__WHAT YOU HAVE TO DO__: Return, without pictures, the lines from the start of the data through the one that contains "New black mesh".
=== Section Start ===
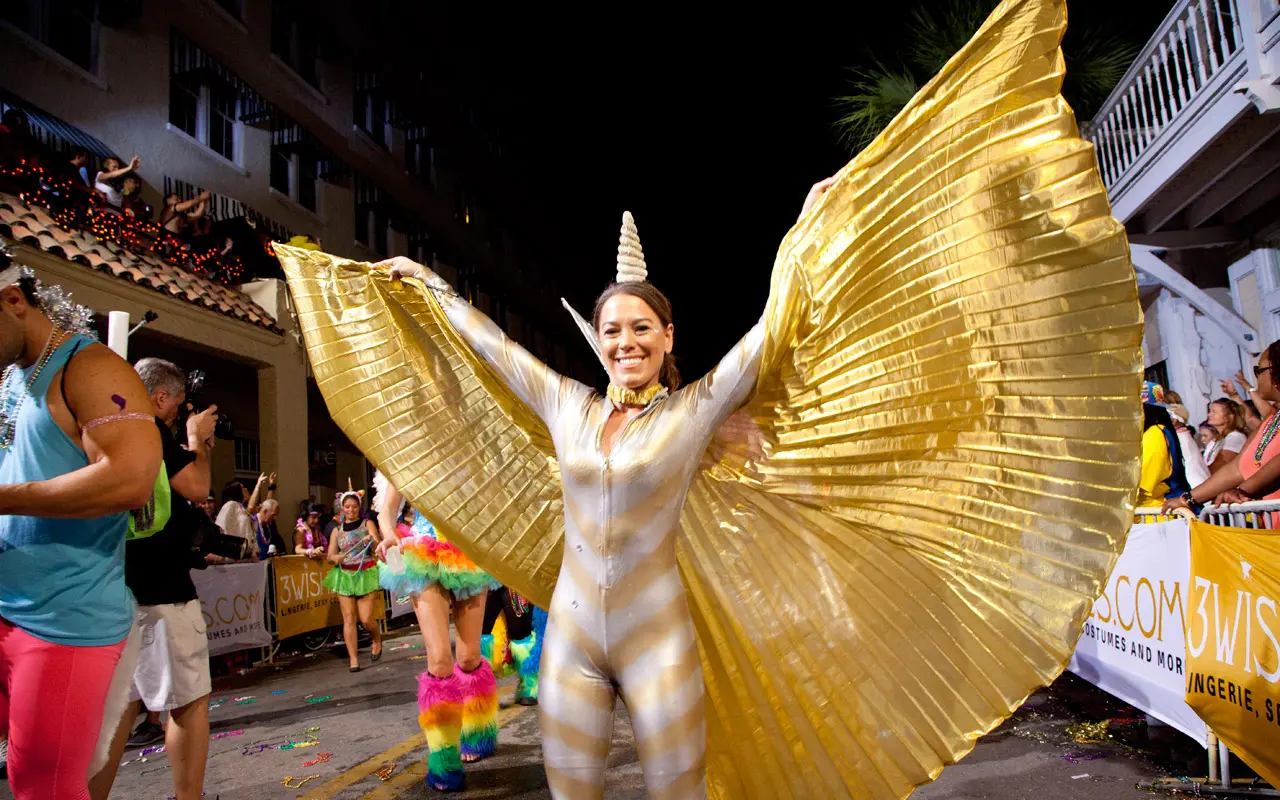 Woman dressed in a gold unicorn costume at Fantasy Fest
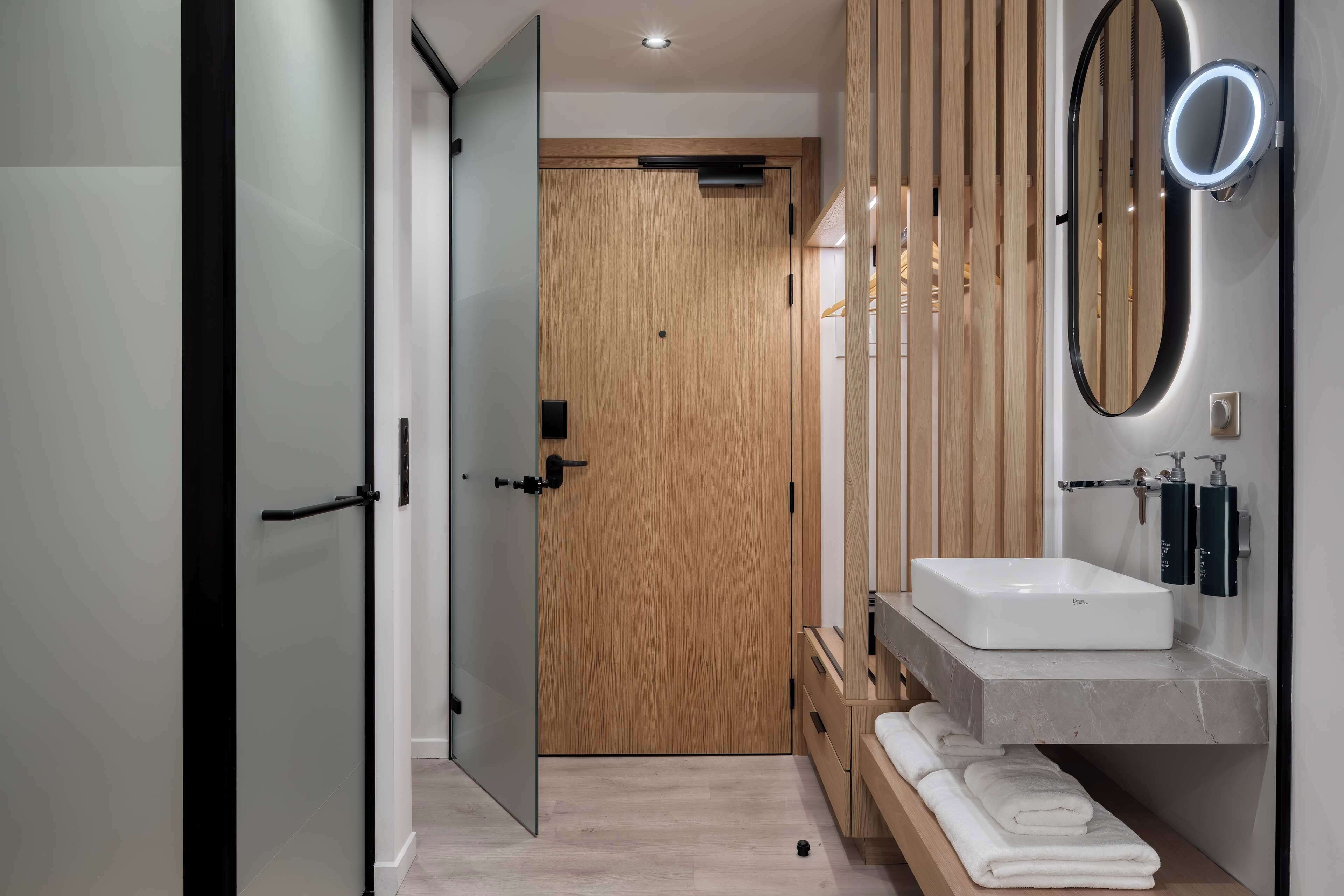 Un baño moderno con puerta de madera, un lavabo blanco y un espejo con luz.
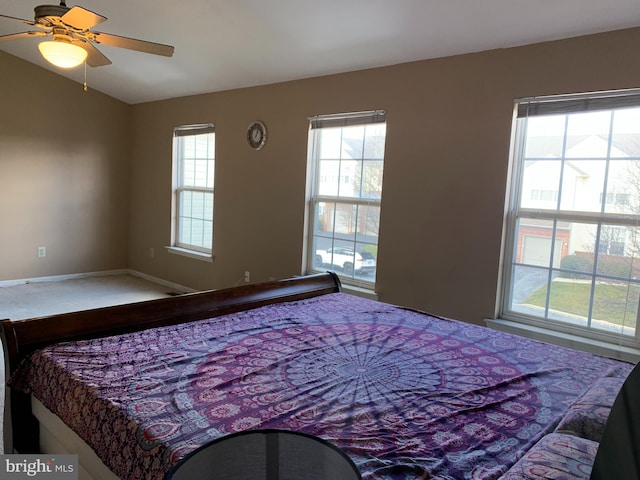 bedroom featuring vaulted ceiling, ceiling fan, and baseboards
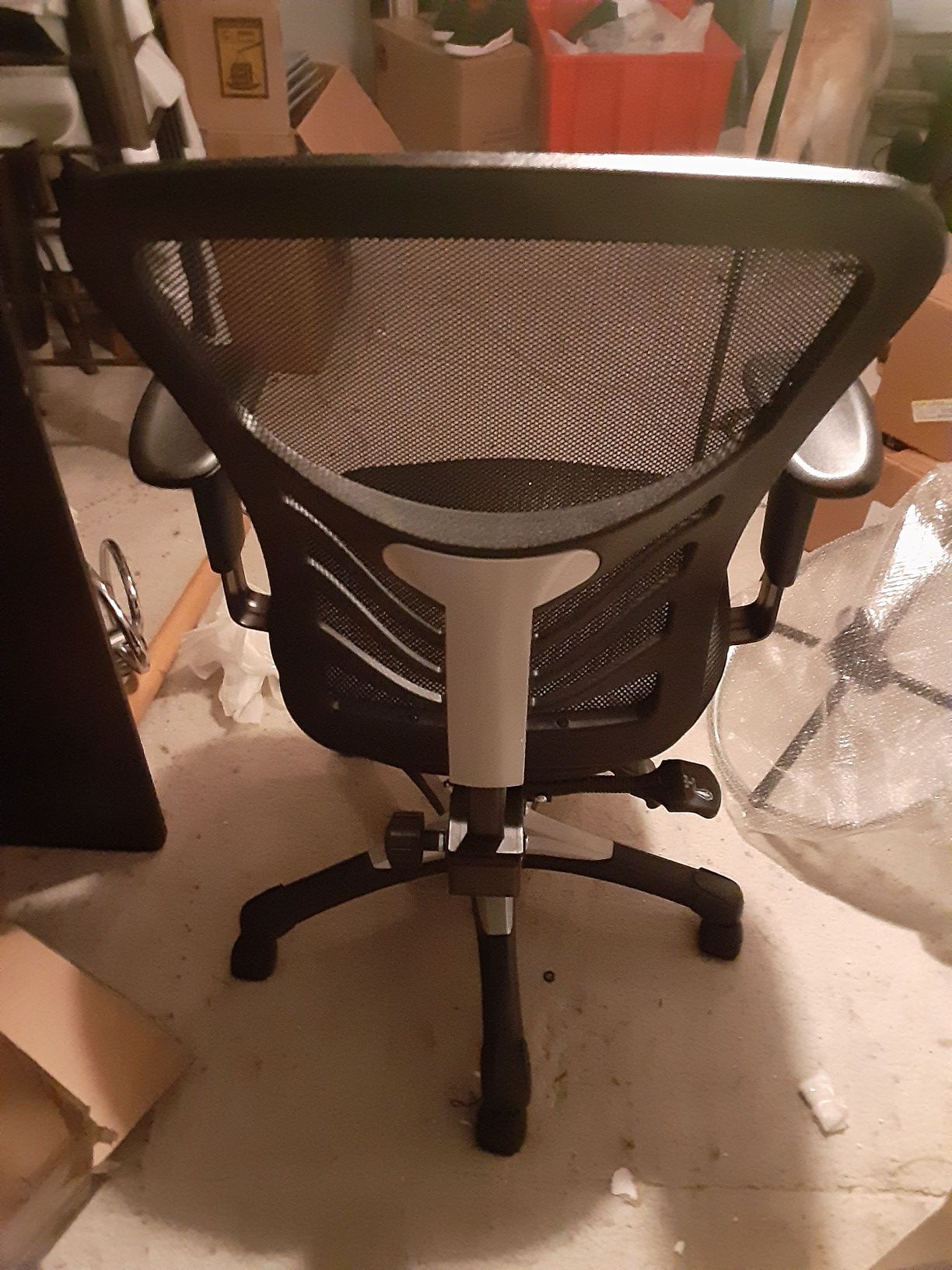 New black mesh back office chair with reclining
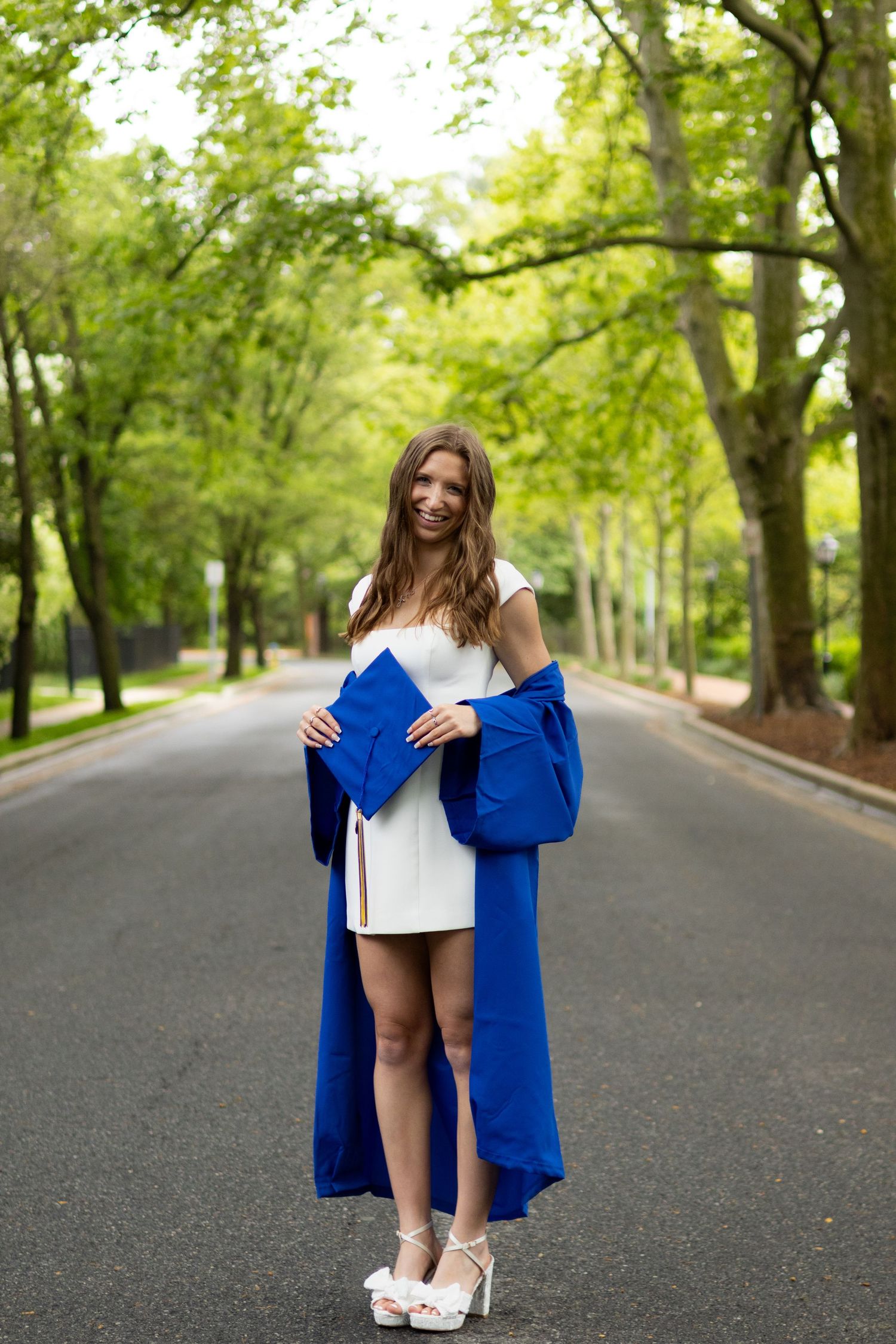 Graduate in blue cap and gown walking along a tree-lined path during outdoor graduation photo session at the University of Delaware.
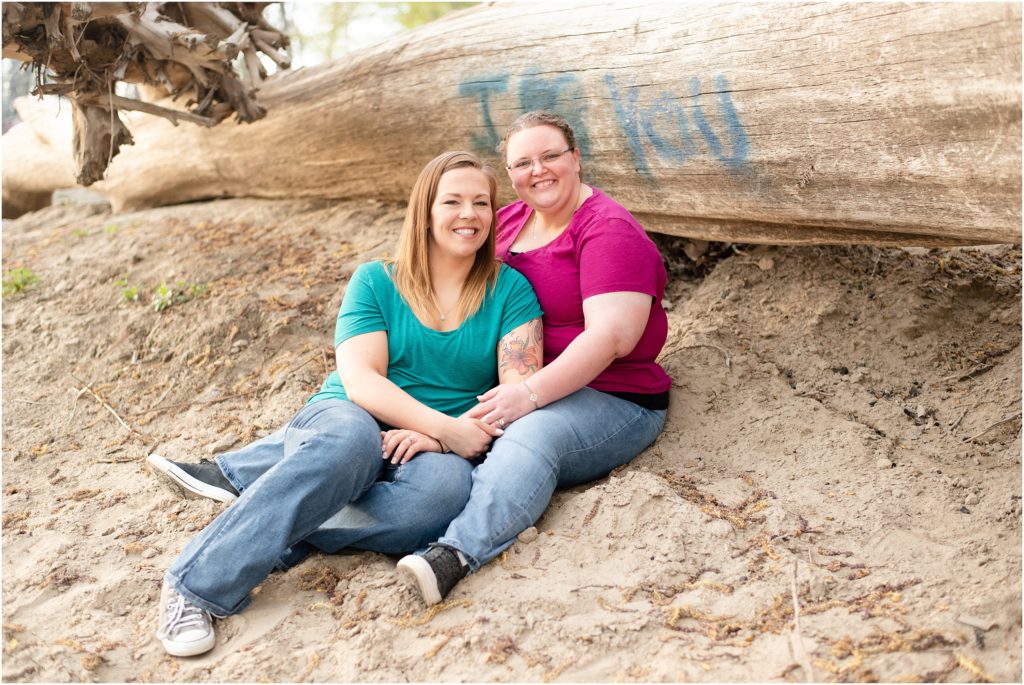 engaged female couple sitting on sand at noren river access by tree that says I love you for engagement session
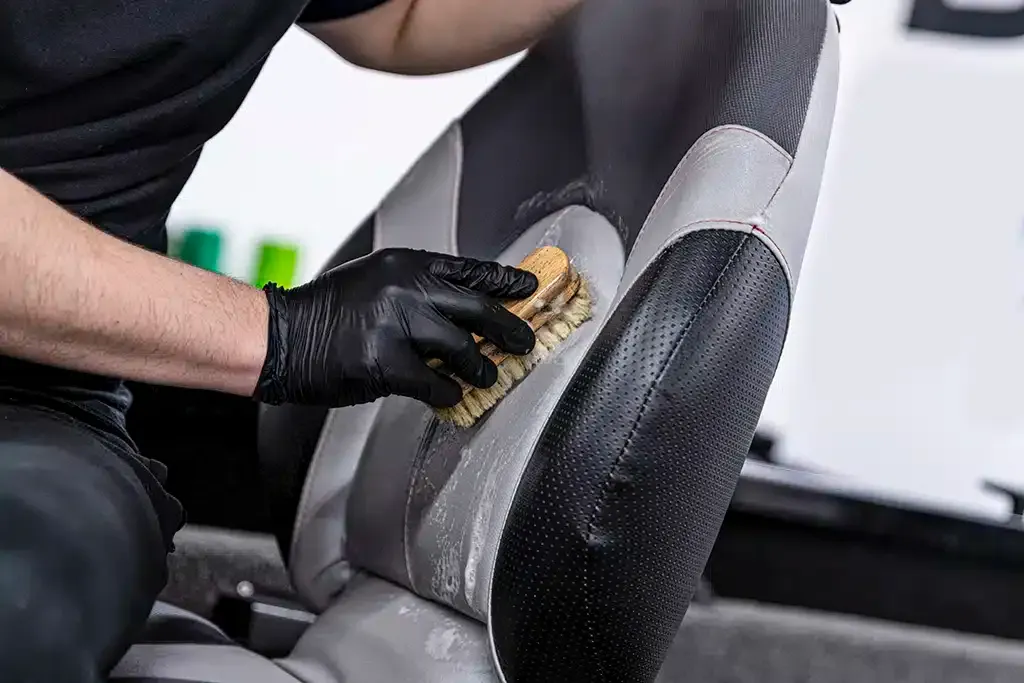 Worker cleaning marine vinyl seat with a brush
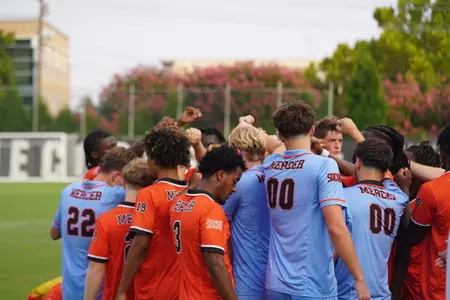 Men's soccer team huddle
=== Section End ===
__REPLY__:
 Woman dressed in a gold unicorn costume at Fantasy Fest
 Un baño moderno con puerta de madera, un lavabo blanco y un espejo con luz.
 bedroom featuring vaulted ceiling, ceiling fan, and baseboards
 New black mesh back office chair with reclining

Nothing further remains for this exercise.